その日が来る前に、2004年スマトラ島沖で発生した津波によって、多くの人が流されていた。今回紹介する作品は、アメリカのドラマで、災害で生き残った人たちの話をもとに作られたドキュメンタリーの要素を含んだ物語である。
この作品を見た当時、やはり、遠く東南アジアの出来事であり、島国に住んでいながら自分にはかかわりのないことだと思っていたことは否めない。
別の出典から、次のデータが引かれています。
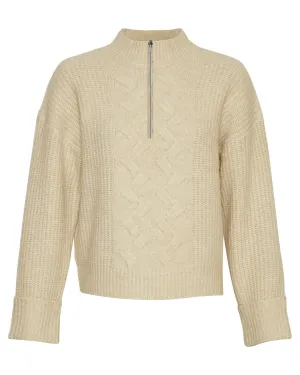 Chastine Peggy M Zip Pullover - Oatmeal Melange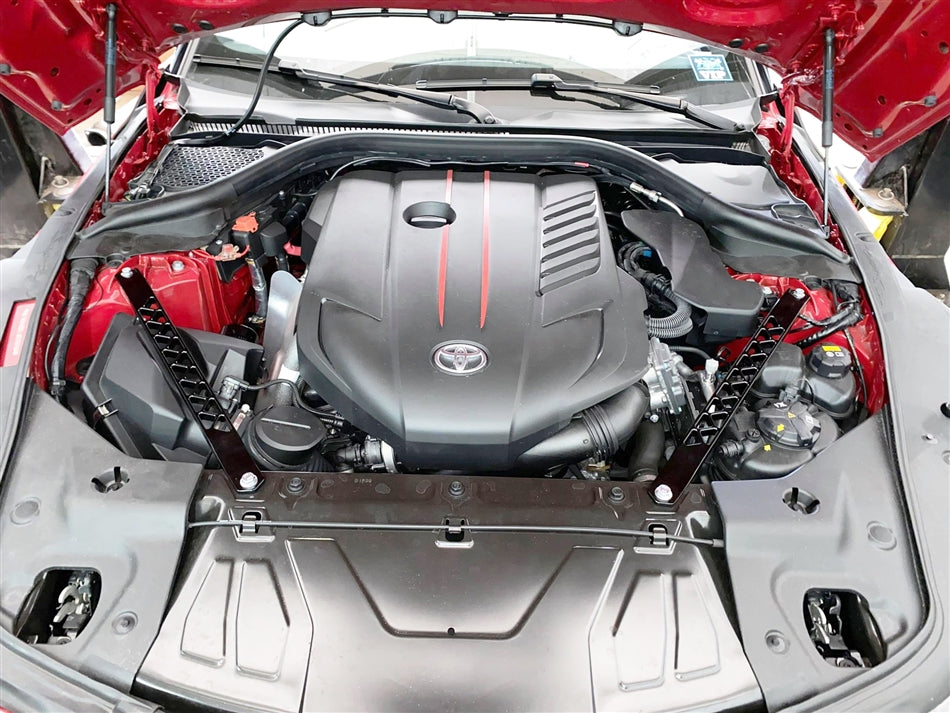 Torque Solution Billet Strut Cross Braces (Black) Toyota GR Supra MKV A90 / A91 - TS-GR-642BK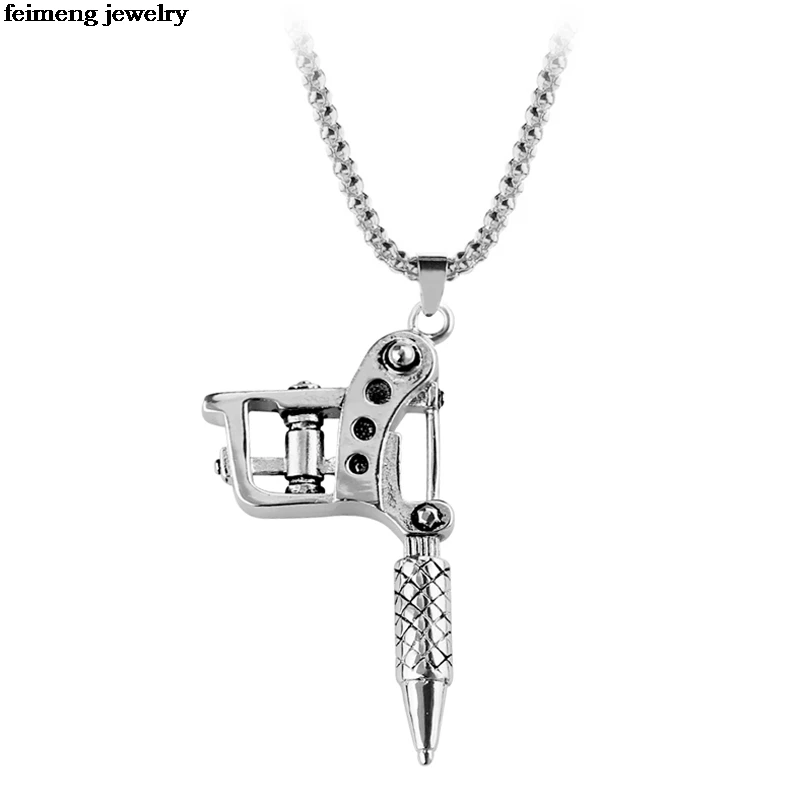 Wholesale Mini Tattoo Machine Necklace Steampunk Necklaces & Pendants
が、東北でも大津波が起こってしまった。
5年経った今、東日本大震災の起こる前に見たこの作品をはたと思いだし、急にリンクした。
家族を引き裂いたTSUNAMI
作品には、タイのリゾートで休暇を過ごす一つの家族が登場する。アフリカ系黒人の父母娘の一家は、インテリでアメリカでの成功者といった風情。
その穏やかな休日が、一瞬で破壊される。津波のシーンは衝撃的だ。
ヤシの木につかまっていると約束した娘。姿の見えない妻。パニック状態の父親が何とか生き延び、家族を探しさまよう。混乱の続く中、妻とは再会するが…。家族がバラバラになり、不安と焦り、さまざまな葛藤がリアルに描かれている。
娘を探す両親の狼狽した様子に心が押しつぶされそうになる一方、ジャーナリストが登場し、災害時の現場の混乱を冷静に見続ける目もあり、どこかで距離を保ちながら作品を見続けることもできる。
地球の暴力的なまでのパワーの前に生きる私たち
こうした映像作品が伝えてくれる津波や大地震の再現ではなく、3.11.であふれた本当の津波の破壊力は畏れを超えて理不尽な怒りを感じるほどだ。
同時に来こった原発事故を思えば、今いる場所が、海沿いでなければ安全なのかという保障はどこにもない。
地球の運動は私たちの心や私たちの生活、つながりとは関係ないところで自由にふるまっている。それを忘れてはいけないということを突き付けられる。私たちのすぐ近くにも津波の暴力的な破壊によって家族を奪われ、心に消えない傷を負った人たちがいるんだ。